Experts also say that there is a lot of policy inconsistency and confusion in the country and investors will not be fully convinced in injecting investment because of the risk factors and the bureaucratic red tape. The visit to Davos is also taking place hot on the wheels of a report by the Centre for Investigative Journalism-Nepal, in which it has painted a damning picture of how some utlra-rich in Nepal were bringing their illicit money from some tax haven countries into Nepal. PM Oli in Davos may have to defend how Nepal is planning to crack down on money laundering and send across a positive message about Nepal’s investment climate. Despite a grand investment summit in 2016, the first event put together by the government’s investment board, there has not been any tremendous progress, let alone changes at the institutional and policy level to create a climate that attracts international partners. Nepal’s foreign direct investment in the last five years has been close to 1 percent of the GDP. Last fiscal year’s number is even dismal, with FDI compared to the GDP standing at a mere 0.5 percent.

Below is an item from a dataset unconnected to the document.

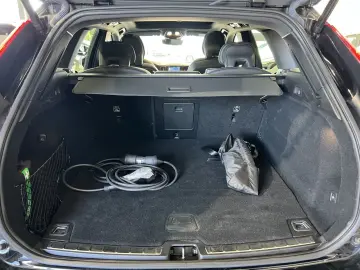 XC60 T6 Plus Black Edition Recharge AWD AHK 360°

That aside, others say, Nepal’s participation in Davos itself is contradictory as the country’s constitution envisions a socialist-oriented economy while the prime minister is participating in an ultra-capitalist jamboree, where he has to explain the global elite the actual ideology his government holds. Another former Nepali ambassador to Geneva Shambu Ram Simkhada also made a cautious assessment to the visit, saying that lack of preparation, clarity on agenda and correct measures back home would make it difficult to secure investments in the country. “There are big global firms which have been providing political risk assessment on regular basis and on the basis of these reports, the foreign investment can be channelised. PM’s speech does not bring investment but we have created an environment to that by revisiting several policies and red tapes,” he said, adding that the world is closely watching the Marxist-Leninist- Maoist government and its policy.
Government officials, including Oli, have been saying that Nepal will raise issues of problem faced by the landlocked and least developed countries and Nepal’s effort to create an inclusive progressive economic architecture, investment-friendly legal framework and government’s move to correct laws and administrative set up to harness foreign investment by setting up investment-friendly legal and institutional reforms where profit of any investors is ensured.But just making a statement in Davos at the highest political level does not ensure the foreign investment, says noted economist Posh Raj Pandey. “ I did not see enough preparation on government side. Second, Nepal can sponsor one session in Davos so that we can be better projected and can sell our agendas. Third is to set up linkages between Nepali business community and corporate and business community present in Davos. Without adequate homework who will link up?” he asked. The participation of ministers and officials does not ensure the investment but participation of the business community as well as private sectors should be ensured by the government, Pandey added. Accompanied by two ministers, advisers, senior officials, Oli will address two separate sessions on ‘Strategic Outlook on South Asia’ and ‘Shaping the Future of Democracy’ on January 22 and 23 respectively. He will also address the Informal Gathering of World Economic Leaders on the theme of ‘The End of Global Trade as We Know It?’ on January 23.
He will hold meetings with political as well as business leaders during the visit.
“I think internal resilience of a country is what contributes to external image projection,” Gopal Thapa, a retired foreign ministry official, said. “In a domestic political situation such as ours dominated by continued internal chaos, mismanagement and unbridled corruption, how would you envisage a flow of external assistance in the country?
“The hubris and insatiable greed for power and purse in our political leaders is largely responsible for the steady erosion of image and standings of the country. The reality is many countries know it is not safe to invest in Nepal,” said Thapa.